Holiday’s brilliance will likely remain the lasting mark of Saturday’s Game 5 classic, though the win was one of Milwaukee’s most balanced of the season in terms of its superstar trio. Holiday, Antetokounmpo and Khris Middleton all finished with at least 25 points on Saturday, with each star taking his turn as the leading man. Holiday paced the first half with a blistering 11-14 from the field. Antetokounmpo tallied seven baskets in the paint in the second half, and his mammoth presence eliminated Phoenix’s ability to use its small-ball unit at any juncture. Middleton remained Milwaukee’s steady cog and late-game closer, snaking around screens en route to nine of the Bucks’ first 11 points of the third quarter. This trio doesn’t sport the scoring explosiveness of Brooklyn or the dynasty formerly known as Golden State. But this is a monstrous defensive group with the ability to punish opponents offensively from all three levels of the floor. On a night like Saturday, Milwaukee’s Big 3 can go to battle with any dominant trio of yesteryear.

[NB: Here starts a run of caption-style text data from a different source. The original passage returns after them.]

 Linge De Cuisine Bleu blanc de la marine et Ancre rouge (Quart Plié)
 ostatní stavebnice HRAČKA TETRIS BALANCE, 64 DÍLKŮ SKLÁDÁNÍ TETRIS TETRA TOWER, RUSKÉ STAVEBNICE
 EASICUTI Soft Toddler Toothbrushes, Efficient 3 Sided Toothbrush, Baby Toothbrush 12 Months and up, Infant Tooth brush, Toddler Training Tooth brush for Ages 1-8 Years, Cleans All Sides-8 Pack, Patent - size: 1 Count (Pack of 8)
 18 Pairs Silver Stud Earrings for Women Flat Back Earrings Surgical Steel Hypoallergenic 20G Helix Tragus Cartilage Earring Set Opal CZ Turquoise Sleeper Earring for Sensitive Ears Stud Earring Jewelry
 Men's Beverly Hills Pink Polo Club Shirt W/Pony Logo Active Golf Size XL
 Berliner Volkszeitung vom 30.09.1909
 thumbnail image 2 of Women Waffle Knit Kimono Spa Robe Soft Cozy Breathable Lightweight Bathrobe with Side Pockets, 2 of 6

We won’t write off the Suns quite yet as this series heads back to Milwaukee for a pivotal Game 6. Booker remains one of the game’s most explosive scorers, and Paul seemed to find a bit of a rhythm down the stretch on Saturday. But the longer this series goes, the more this becomes a stylistic mismatch. Milwaukee lived at the line earlier in this series, and it continues to punish the Suns in the paint. The Bucks tallied 11 offensive rebounds on Saturday, including five in the fourth quarter. Phoenix attempted just 11 free throws over the course of the evening. It attempted nine fewer threes than Milwaukee. Paul and Booker are mid-range specialists, but their current shot diet isn’t currently befitting of a champion. The Suns are running into a math problem as well as a Giannis problem as their season slips away.
Tuesday night could very well provide another classic after two truly special contests. Milwaukee’s offensive shortcomings are likely to prevent an early blowout, especially as Paul fights like hell to avoid the door closing on his best chance at a championship. But this is far from the Bucks teams of previous seasons, the ones who wilted at the slightest bit of adversity in the postseason. Perhaps the Holiday addition is to thank. Perhaps previous eliminations have brought out a new version of Antetokounmpo. Regardless of the reason, Milwaukee is peaking at the perfect time, riding its Big 3 to within one win of the title. A similar performance on Tuesday night should be enough to bring the Bucks their first championship since Kareem Abdul-Jabbar manned the paint 50 years ago.